Work task:
Please repeat the lines below, exactly and only, from the one that holds "KIA Pro Cee'd" through the one that holds "Best Electric Panel".

Exercise input:
· · · ·
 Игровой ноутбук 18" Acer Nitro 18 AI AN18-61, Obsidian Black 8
· · · ·
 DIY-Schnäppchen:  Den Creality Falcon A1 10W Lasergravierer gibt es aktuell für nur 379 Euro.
· · · ·
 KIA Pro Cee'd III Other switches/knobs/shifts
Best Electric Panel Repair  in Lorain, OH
· · · ·
Task response:
 KIA Pro Cee'd III Other switches/knobs/shifts
Best Electric Panel Repair  in Lorain, OH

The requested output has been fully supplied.